■ **Exercise requirements**:
Only one stretch of the data is wanted: the line containing "Bevin sticks with", the line containing "Little Sleepies 12-18 Zippy emerald color", and every line between them, copied exactly.

■ **Records shown**:
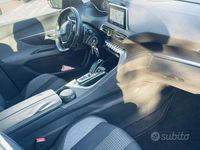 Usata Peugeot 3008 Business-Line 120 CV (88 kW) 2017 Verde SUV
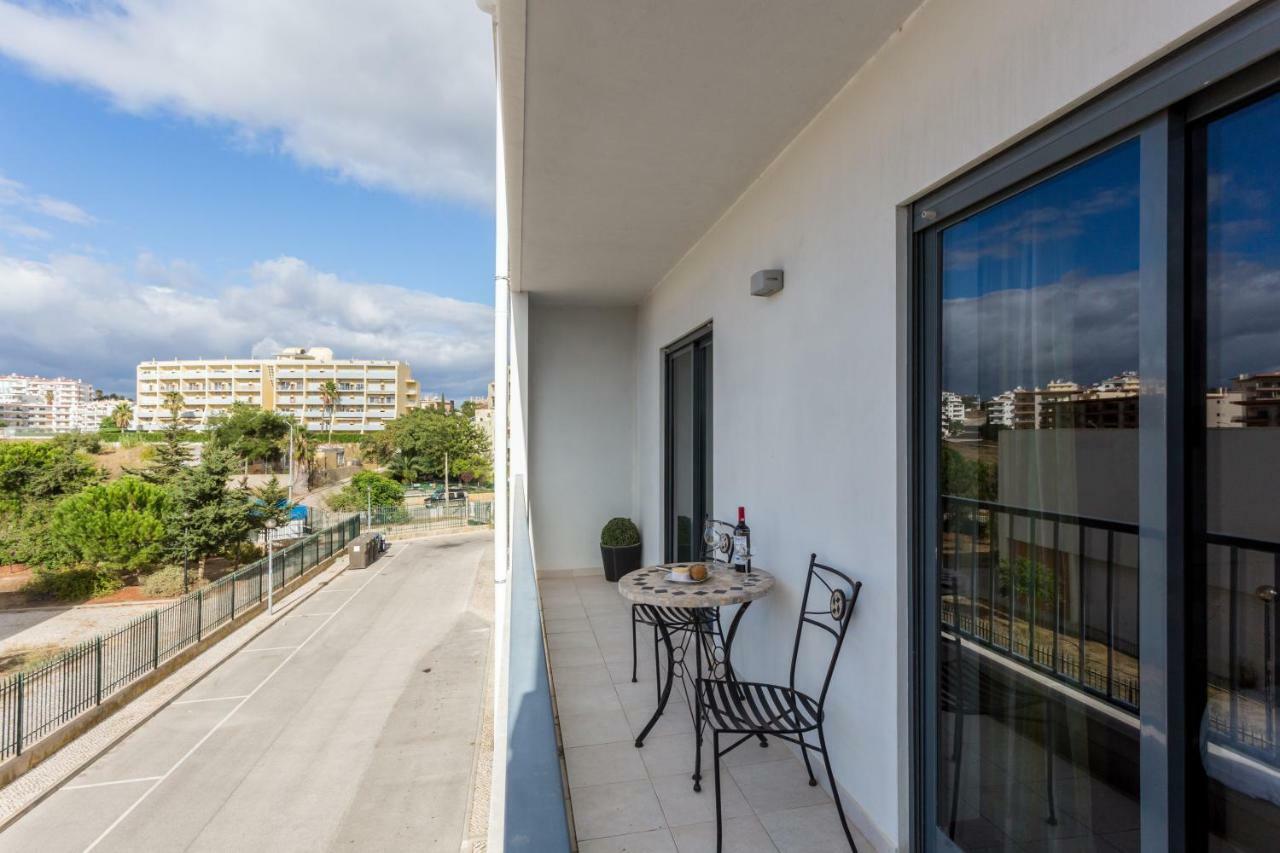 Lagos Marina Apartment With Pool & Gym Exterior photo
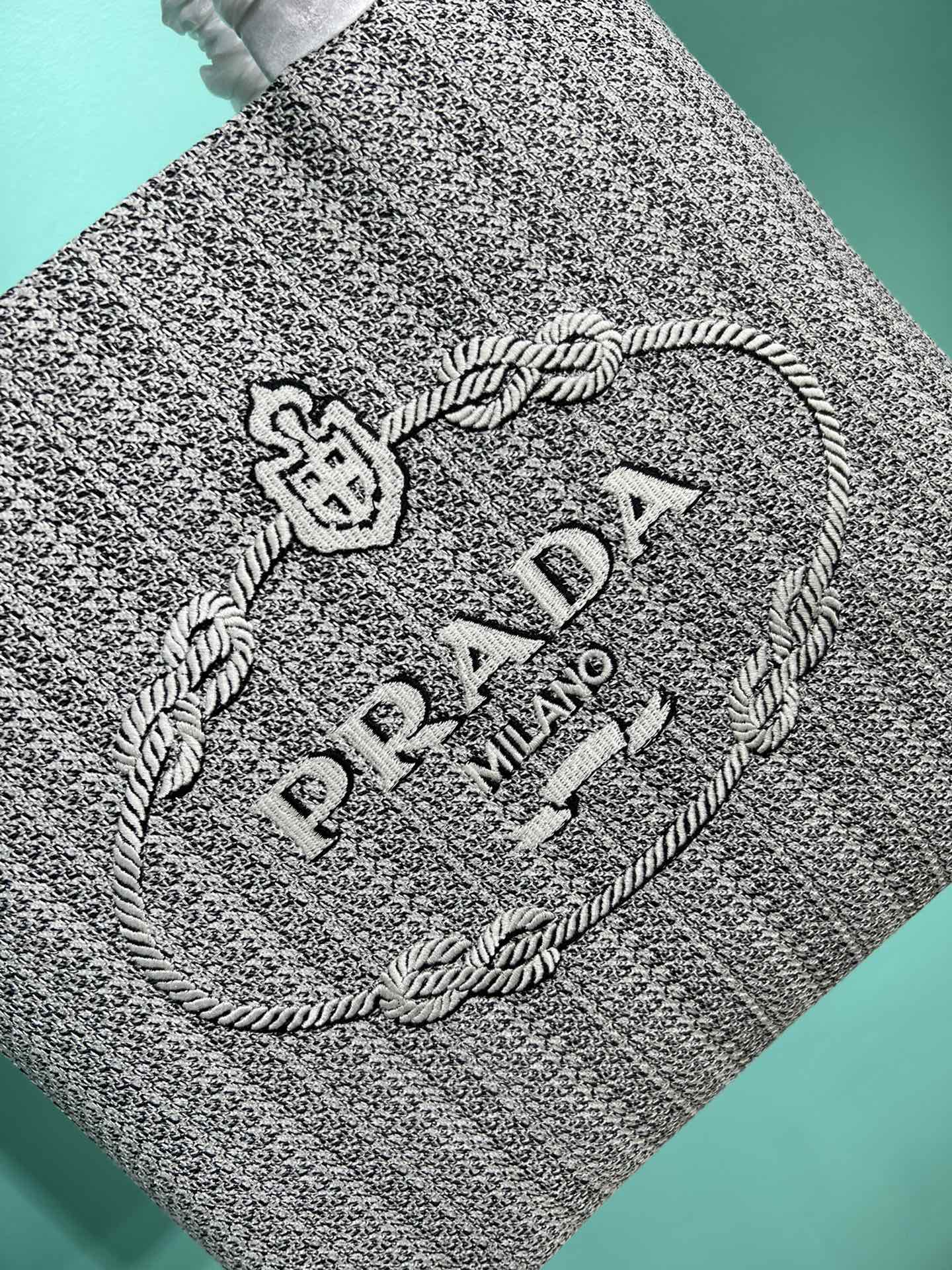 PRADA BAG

==

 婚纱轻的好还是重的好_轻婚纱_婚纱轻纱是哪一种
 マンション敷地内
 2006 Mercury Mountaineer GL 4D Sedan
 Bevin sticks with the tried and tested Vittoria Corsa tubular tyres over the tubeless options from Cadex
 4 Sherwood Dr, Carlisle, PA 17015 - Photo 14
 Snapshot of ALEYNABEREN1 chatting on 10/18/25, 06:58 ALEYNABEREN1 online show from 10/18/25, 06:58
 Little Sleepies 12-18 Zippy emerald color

■ **Response to the task**:
 Bevin sticks with the tried and tested Vittoria Corsa tubular tyres over the tubeless options from Cadex
 4 Sherwood Dr, Carlisle, PA 17015 - Photo 14
 Snapshot of ALEYNABEREN1 chatting on 10/18/25, 06:58 ALEYNABEREN1 online show from 10/18/25, 06:58
 Little Sleepies 12-18 Zippy emerald color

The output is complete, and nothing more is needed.